[YOUR ASSIGNMENT]:
Transcribe the listing exactly, skipping every picture.

[RECORDS PROVIDED]:
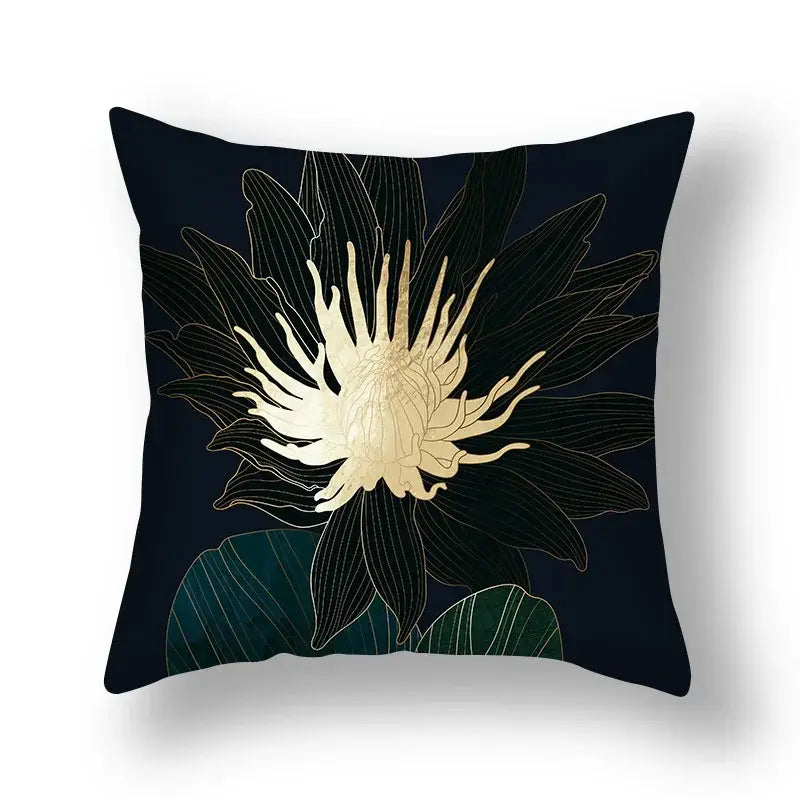 Black throw pillow with stylized gold lotus and dark green decorbites ginkgo leaves print for modern sofa use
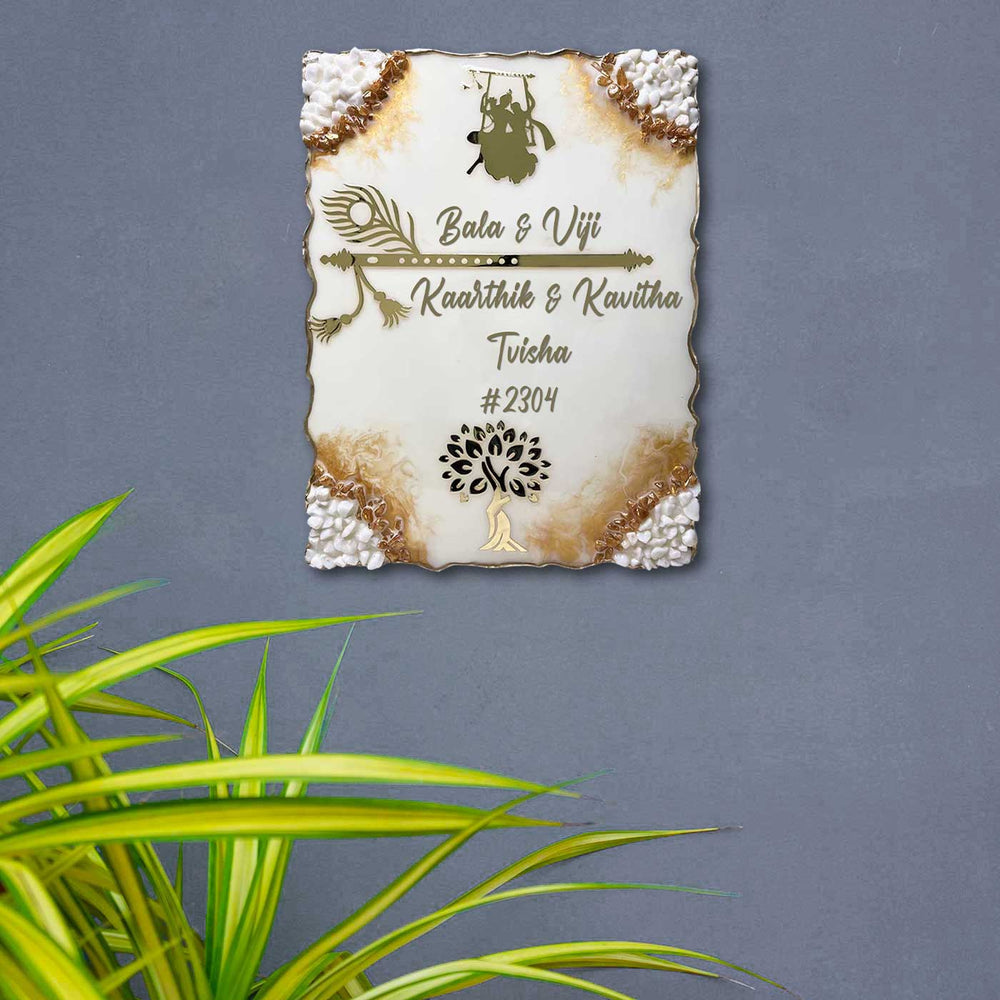 Personalized Off White Radha Krishna Theme Resin Name Plate - Mounted on Gray Wall Background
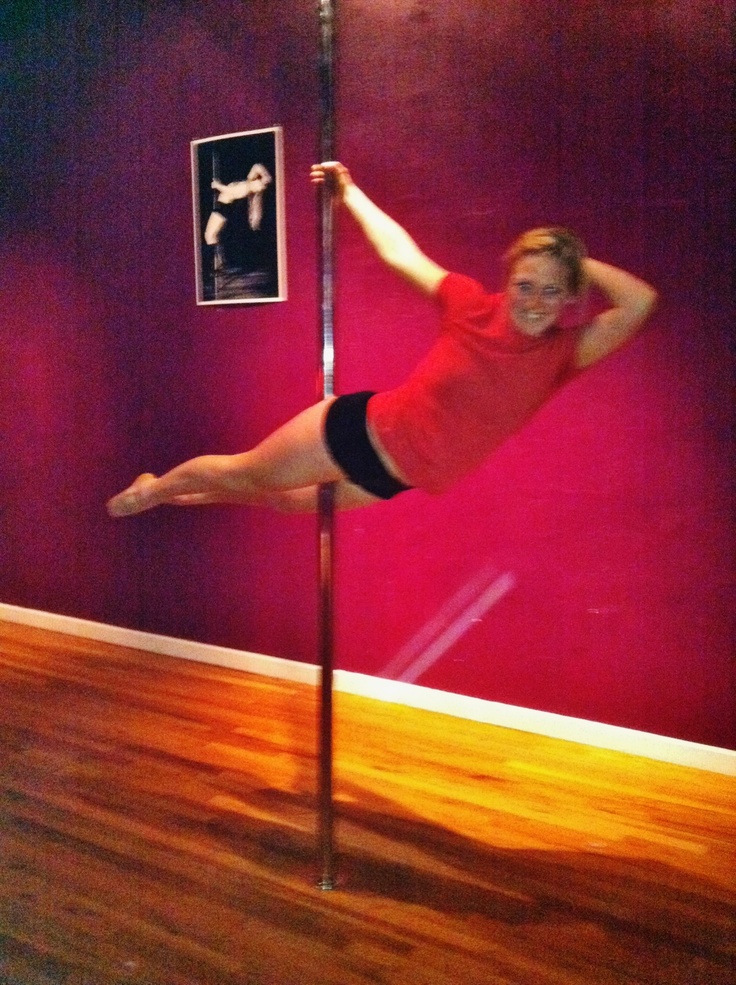 a woman in red shirt and black shorts standing on pole with one leg raised up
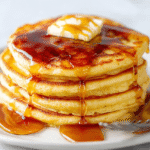 Woman flipping cornmeal flapjacks on a cast iron skillet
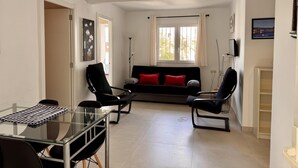 A living room with a glass table, two black chairs, a black sofa with red cushions, a TV, and a window with curtains.
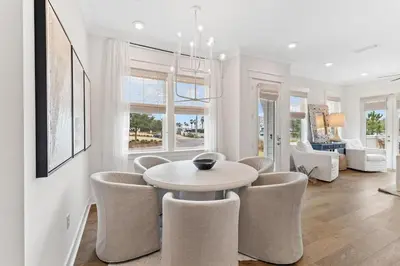 a white dining room with a table and chairs at Journey to 30A in Inlet Beach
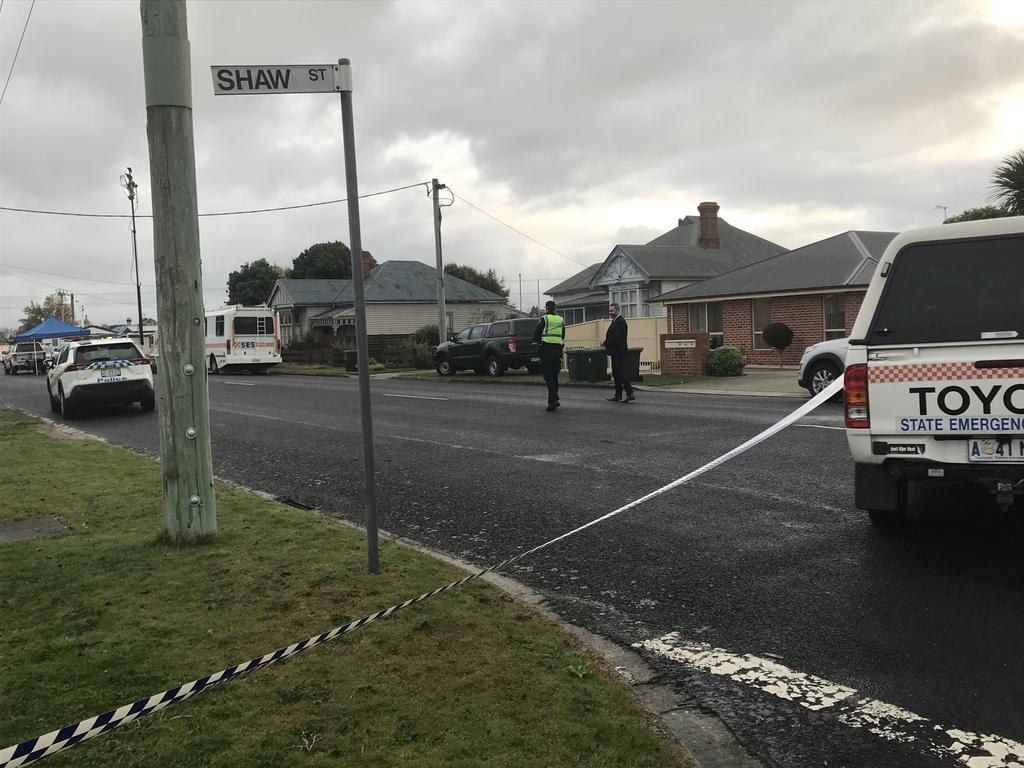 Officers scoured multiple houses for evidence. Photo: Helen Kempton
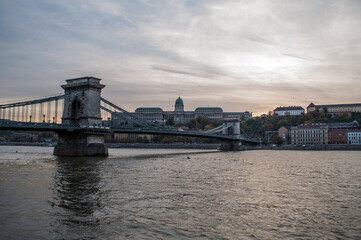 Fototapeta na wymiar The Chain Bridge in Budapest (Hungary) over the Danube River with the setting evening sun in the background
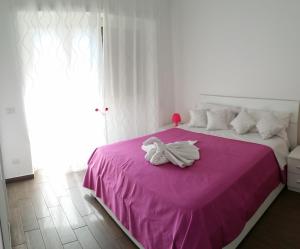 - une chambre avec un lit rose et une serviette dans l'établissement Da Lucia, à Rome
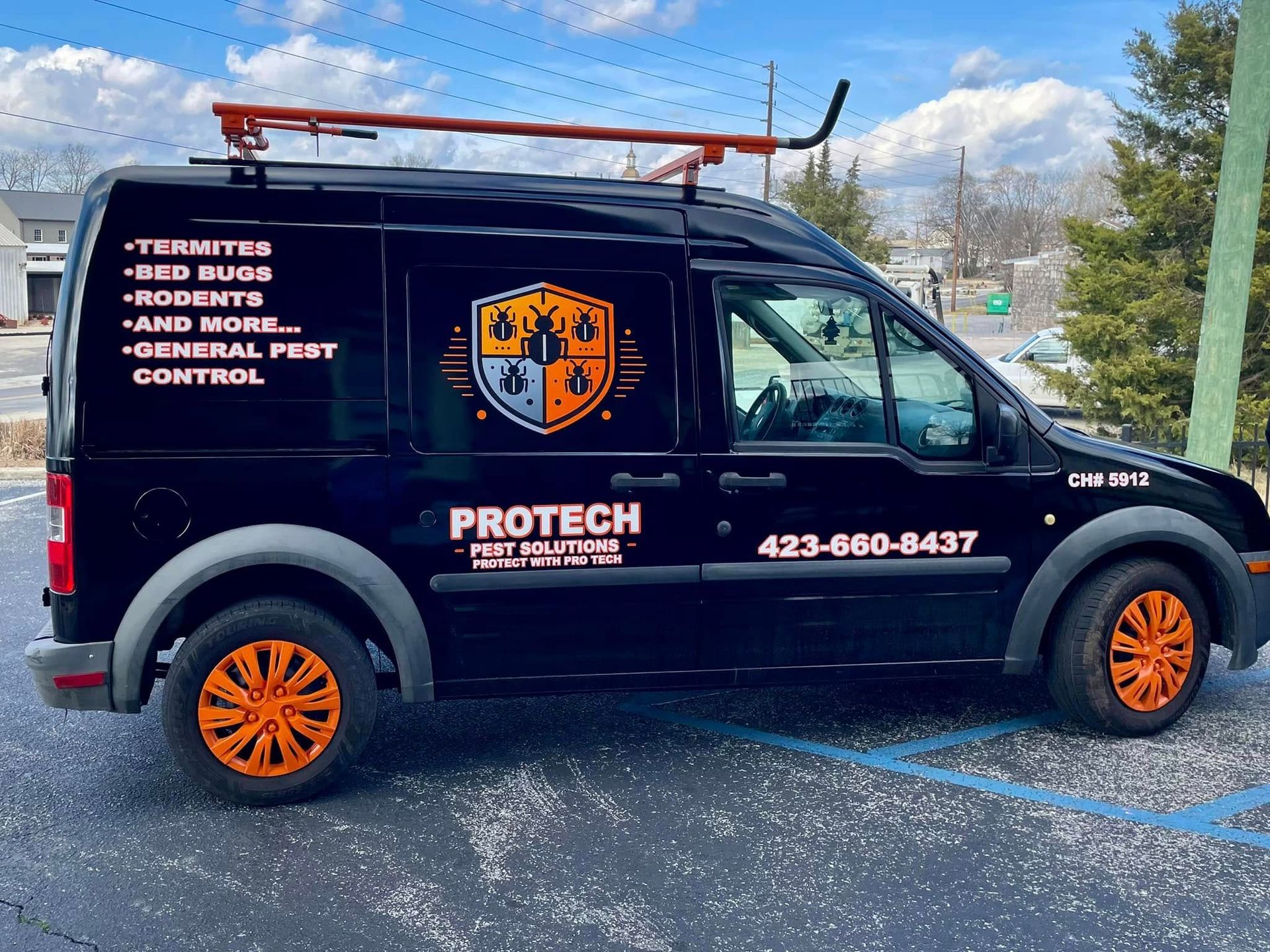 A protech van is parked in a parking lot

[ANSWER SECTION]:
 Black throw pillow with stylized gold lotus and dark green decorbites ginkgo leaves print for modern sofa use
 Personalized Off White Radha Krishna Theme Resin Name Plate - Mounted on Gray Wall Background
 a woman in red shirt and black shorts standing on pole with one leg raised up
 Woman flipping cornmeal flapjacks on a cast iron skillet
 A living room with a glass table, two black chairs, a black sofa with red cushions, a TV, and a window with curtains.
 a white dining room with a table and chairs at Journey to 30A in Inlet Beach
 Officers scoured multiple houses for evidence. Photo: Helen Kempton
 Fototapeta na wymiar The Chain Bridge in Budapest (Hungary) over the Danube River with the setting evening sun in the background
 - une chambre avec un lit rose et une serviette dans l'établissement Da Lucia, à Rome
 A protech van is parked in a parking lot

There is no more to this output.